I do this.var = vfor scripts that runs in multi threads
I do var = v nearly never
I do let var = v seldom
I do v = for local var which can’t mess up wich other instances
( like v = this.entiy.root.Map.findByName(‘trasuers’:wink:
I do const as everyone else;

In VS.Code and typeScript I’m halfway sure I do right, but back to JavaScript i’m more unsure than ever before…
If anybody will supply a short answer whats “clean” coding, maybe with a hint onm the stack, so i can truly understand…

sorry it’s getting late, and I started get a litlle drunk because I can’t progress and won’t get to that code again :smiley:

chhers Gutki :cucumber:

PS: second thought… it’s because of prototype and func()…
where should I look to understand why Playcanvas use prototype instead of func?

var is supported in ES5 (so IE 11 and above basically) and is function scoped.

let (block scoped) and const (block scoped and cannot be assigned another value after declaration) is supported in ES6 which is supported in every modern browser for a long while now.

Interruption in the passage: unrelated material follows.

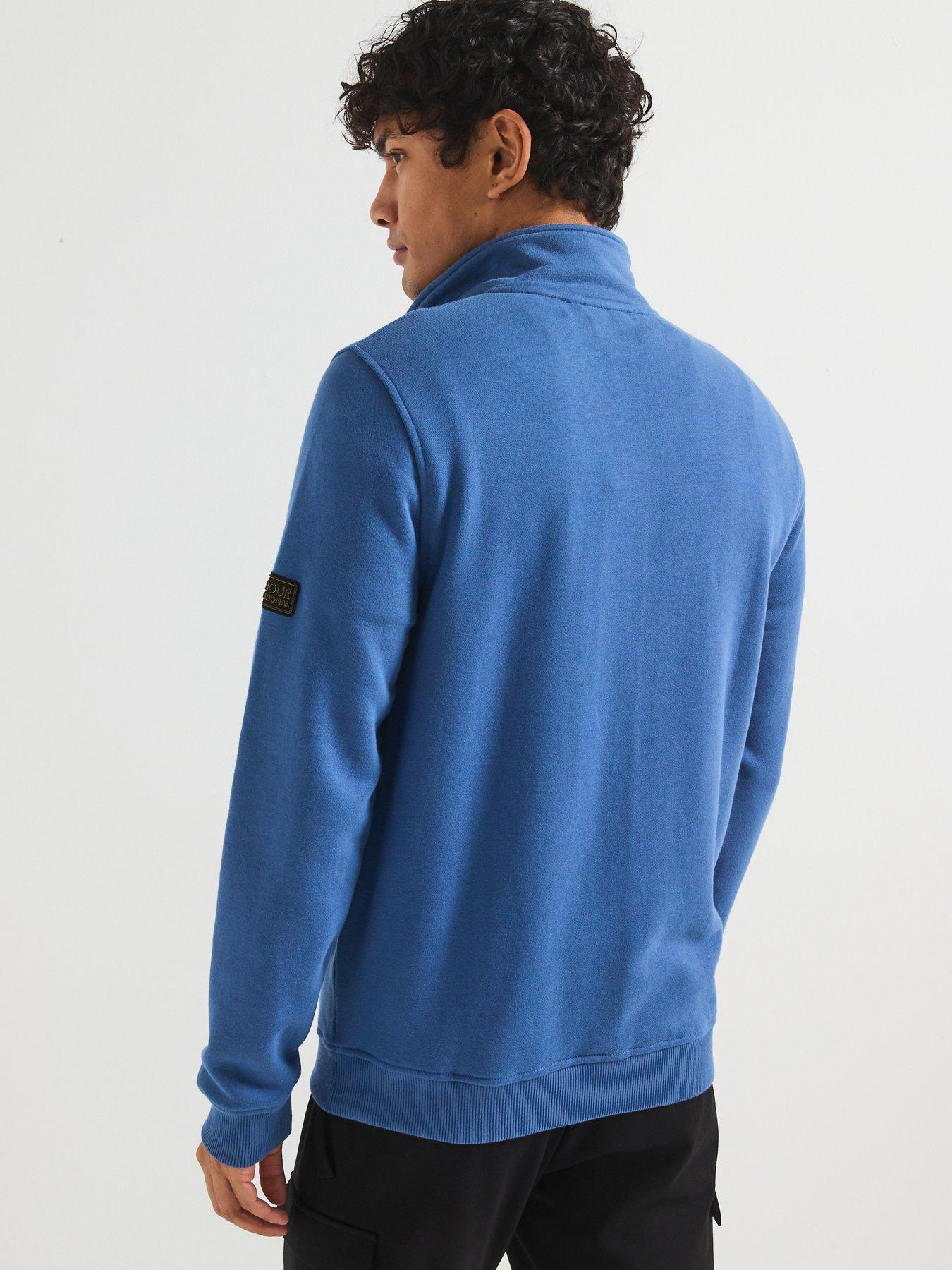 Image 2 of 6 of Barbour International Outline Funnel Neck Sweat Top - Blue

PlayCanvas ScriptTypes are created via pc.createScript() and it returns a class type that inherits from ScriptType.

This means that we patch or create new functions via the prototype property which is an ES5 way of creating classes. See JavaScript Classes, Inheritance, and Prototype Chaining (ES5 and ES6 Way) | by Kunal Tandon | Developer’s Arena | Medium and Object prototypes - Learn web development | MDN

solved ‘somehow?’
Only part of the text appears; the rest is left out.